Os de temperamento mais recatados até recomendavam que não devíamos compartilhar nossos problemas com os que não tinham como ajudar, porque isso muitas vezes pareceria matéria de fofoca para pessoas emocionalmente descomprometidas. Um velho tio, tão inteligente quando debochado, defendia que um comportamento mais introspectivo na adversidade era o melhor jeito de evitar tristeza antecipada dos amigos ou alegria exagerada dos desafetos.
Em décadas passadas, uma importante preocupação de ordem emocional era evitar julgamentos cruéis diante de diagnósticos de certas enfermidades reveladoras de determinados comportamentos sexuais, como aids, ou doenças preconceituosamente consideradas incuráveis, como o câncer.
Muitos fãs colocam seus ídolos como propriedade privada e exigem compartilhamento em tempo real de tudo o que acontece com eles.
Na virada do século, ao lado da festejada qualificação técnica da medicina com crescente potencial curativo diante de doenças antes tidas como fatais, surgiu por força da racionalidade a medicina preventiva, na medida em que se tomou conhecimento do quanto uma simples informação contida na divulgação podia contribuir para a redução de determinadas doenças. Campanhas para prevenção de doenças sexualmente transmissíveis e a doutrinação antitabagismo são exemplos exitosos desse processo.

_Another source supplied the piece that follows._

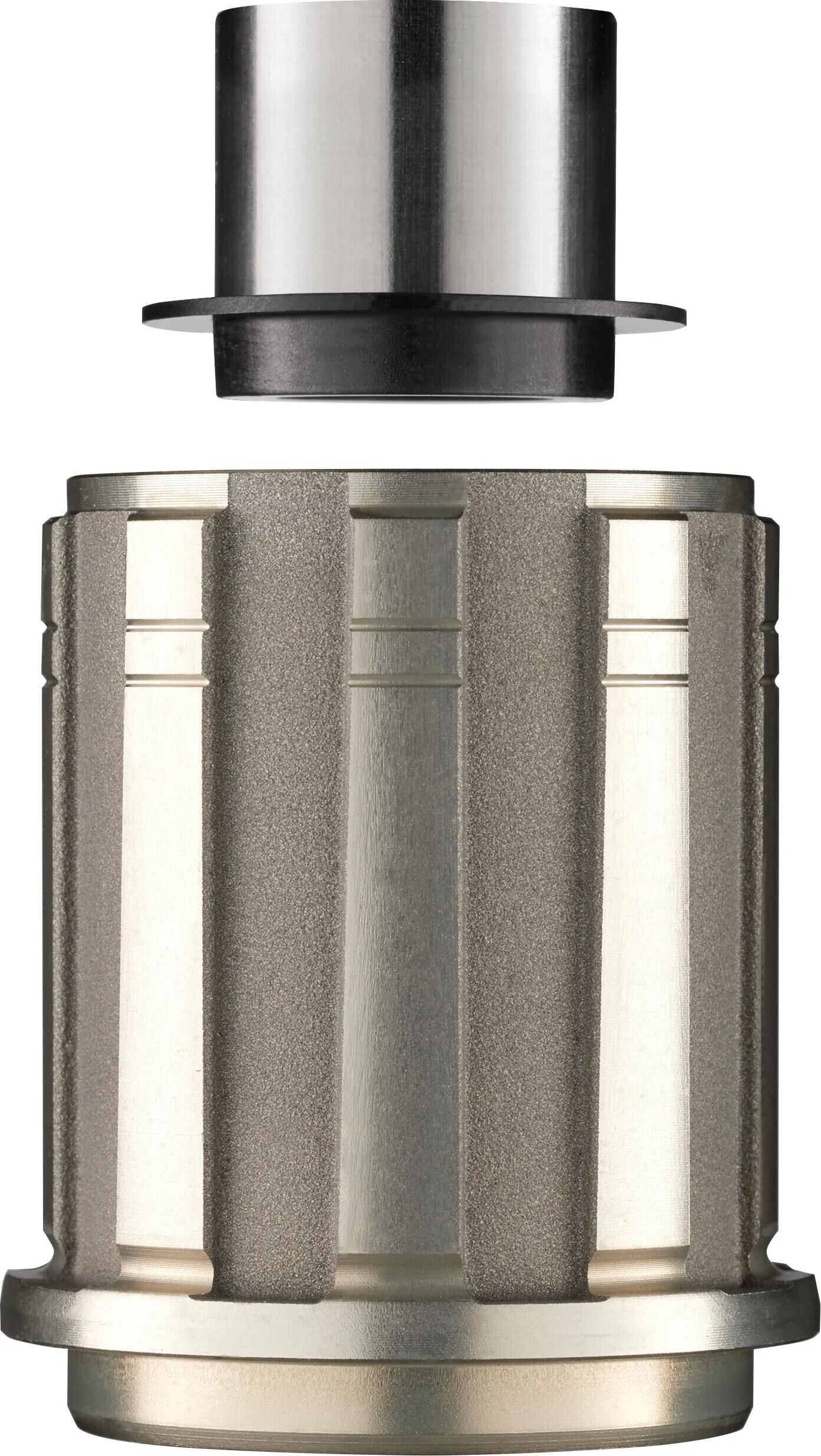 _Freilaufkörper Freilaufkörper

Claro que as redes sociais não podiam ficar ao largo dessa nova realidade, e imiscuíram-se de tal forma no cotidiano da sociedade que acabaram por despertar comportamentos insuspeitados, que passaram rapidamente de curiosa novidade à intransferível obrigação. A ponto de pessoas famosas se sentirem pressionadas a contribuir para a desmistificação de determinadas doenças ou comportamentos, divulgando o passo a passo de sua experiência sofrida. O que inegavelmente trouxe benefícios para a população geral, tão carente de informação.
No entanto, alguns exageros, carentes de bom senso, se tornaram evidentes: muitos fãs colocam seus ídolos como propriedade privada, e no imaginário da sua fantasia exigem compartilhamento, em tempo real, de tudo o que acontece com eles.

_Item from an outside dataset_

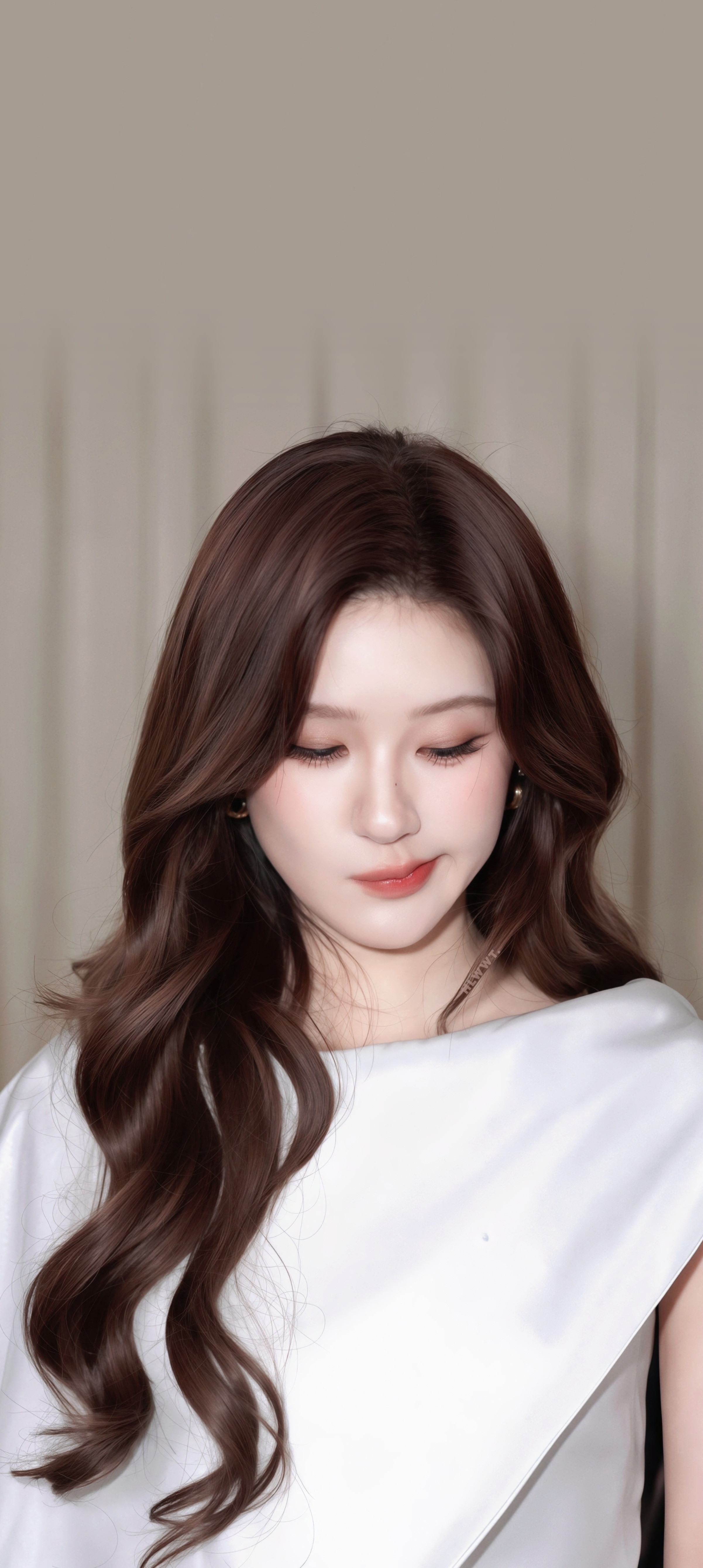 萌兔暴击🐰｜产出自修图❥9P赵露思/赵露思直播​​​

Kate Middleton, a princesa de Gales, vivendo a experiência devastadora de descobrir-se com câncer aos 42 anos de idade, e mãe de três filhos pequenos, ignorou a cartilha. Comportou-se como uma pessoa dolorosamente normal, e certamente mergulhada em perplexidade e sofrimento tomou para si um período de reclusão, para uma clara e justa introspecção de quem se sentiu ameaçada, e numa idade em que morrer não faz o menor sentido entre os nobres, igualzinho aos plebeus. No vídeo, que gravou três meses depois da confirmação do câncer, transparece tanta coragem, dignidade, maturidade e resiliência, que abstraindo-se o encanto pessoal que derreteria a coroa de qualquer príncipe ainda lhe sobram atributos para mantê-la no ponto mais alto do pódio da nobreza.
A mim, comoveu-me especialmente a revelação do quanto sofreu para encontrar um jeito de contar aos filhotes o que estava acontecendo.

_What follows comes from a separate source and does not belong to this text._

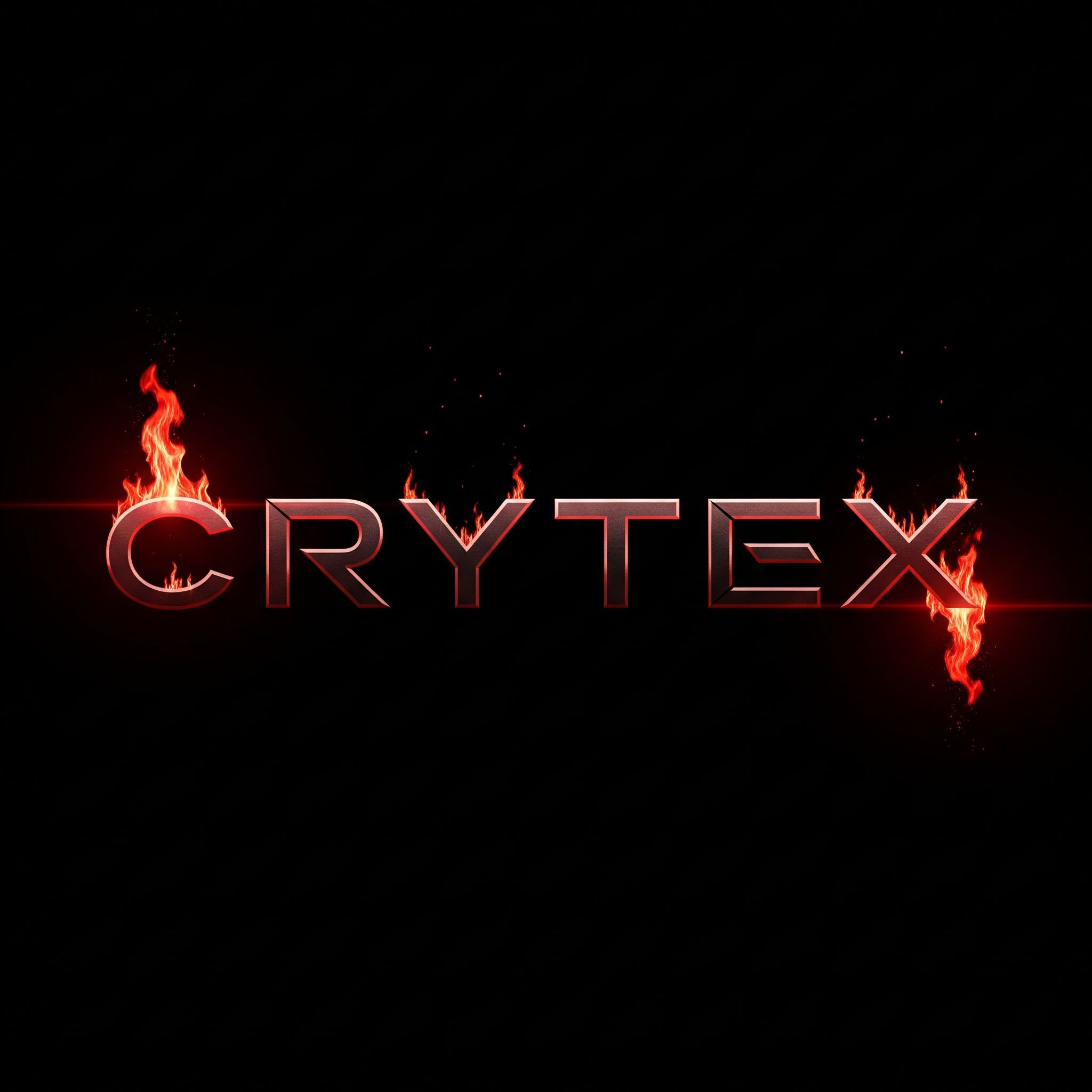 crytexz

Pois essa criatura sofreu pesadas críticas, mormente por ter-se mantido em longo silêncio. Certamente remoendo umas tais dores que, desprovidas de critérios de escolha, saem por aí, a doer, sem poupar ninguém.
Entre os algozes mais agressivos, certamente estarão sempre os insensíveis, esses que diante de qualquer minúsculo problema pessoal inundam as redes com detalhes que não impactam ninguém, exceto àqueles que entenderão as queixas rasas como protesto pela insignificância indesejada.